Un nouveau coup dur pour les Blues, alors qu’Abramovich semblait déjà depuis de longs mois décidé à réduire ses investissements dans le club. C’est en tout cas ce qu’indiquait implicitement Antonio Conte dès la mi-janvier. Pour le Mister italien, les Blues ont cessé d’être le principal mastodonte financier de la Premier League. « Ce n’est pas simple de penser qu’on puisse finir devant des clubs comme Manchester United et Manchester City. Ces équipes continuent de s’améliorer, en investissant énormément d’argent… Si vous continuez d’avoir cet écart entre elles et les autres… Disons qu’il y a une transition au club. Je n’aime pas ce mot, mais il nous faut voir la vérité. »
Blanc et Blues
Une vérité qui se traduit aussi par le flou dans lequel est plongé le secteur sportif des Blues.
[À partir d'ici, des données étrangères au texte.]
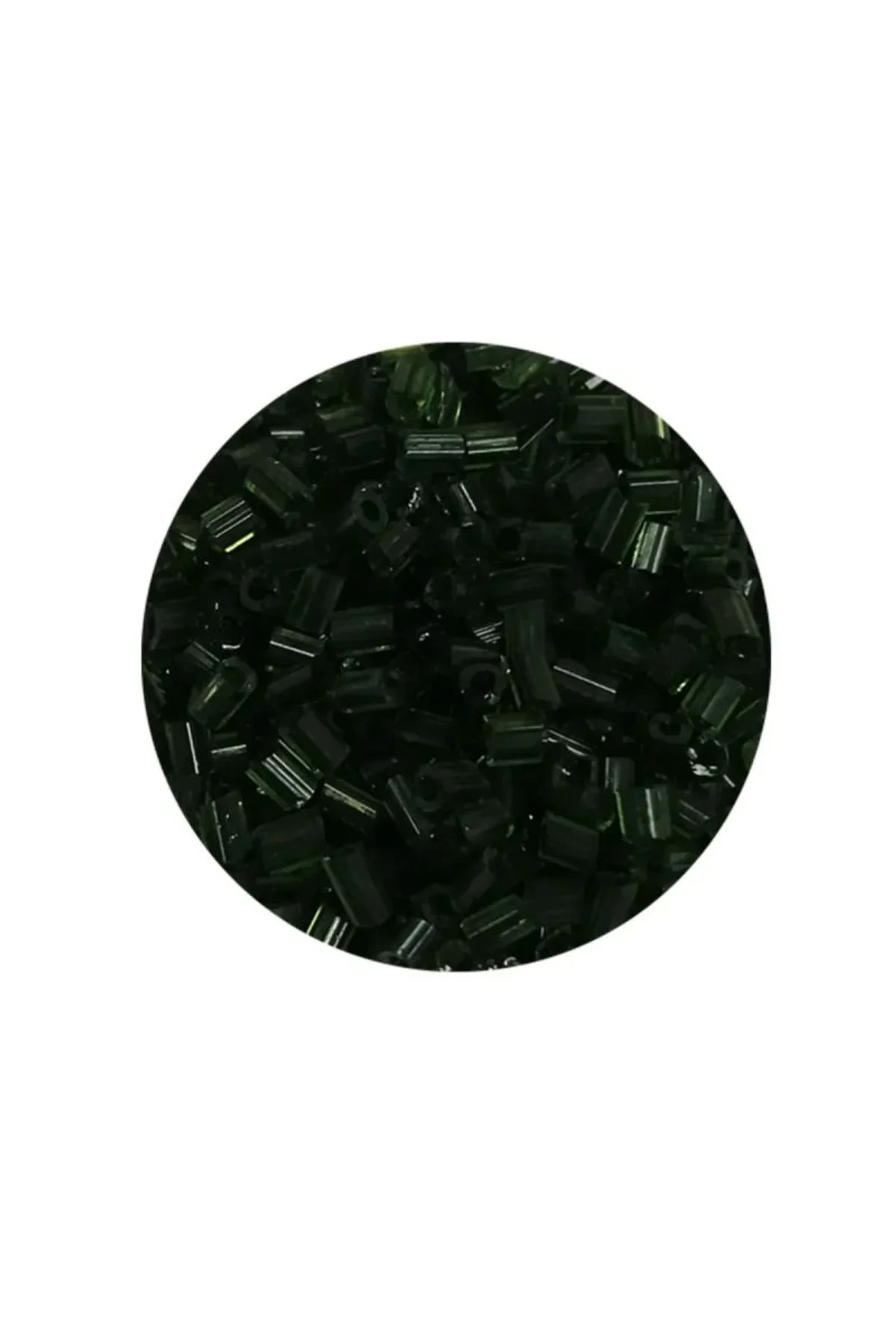 Kesme Cam Boncuk 2mm - 20 Gram - Şeffaf Koyu Yeşil -BNC319 - Just Cheap Store Görsel 4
En froid avec sa direction, Antonio Conte est jusqu’à nouvel ordre l’entraîneur des Londoniens, même si Laurent Blanc semble en pole position pour lui succéder. Un remplacement en forme de second choix pour la direction de Chelsea qui, à en croire les médias britanniques, aurait d’abord tenté d’attirer, sans succès, Luis Enrique et Maurizio Sarri dans ses filets.
L’incertitude demeure également quant au futur de certains joueurs cadres de l’effectif comme Thibaut Courtois, qui n’a toujours pas prolongé son contrat qui expire en juin 2019, et Eden Hazard. L’ailier belge s’est même permis de mettre subtilement la pression sur ses dirigeants mi-mai : « Je dois penser à beaucoup de choses avant de prolonger… Je veux qu’on recrute de bons joueurs, parce que je veux gagner la Premier League la saison prochaine. » Pas sûr que Roman Abramovich ait comme priorité d’exaucer les vœux de son attaquant. Fin mai, le propriétaire de Chelsea, de confession juive, s’est vu accorder la citoyenneté israélienne et devrait s’installer à Tel-Aviv. Israël, un pays où il n’aura pas à justifier l’origine de ses fonds. Mais où il risque sans doute de s’éloigner encore un peu plus de Londres et des supporters des Blues.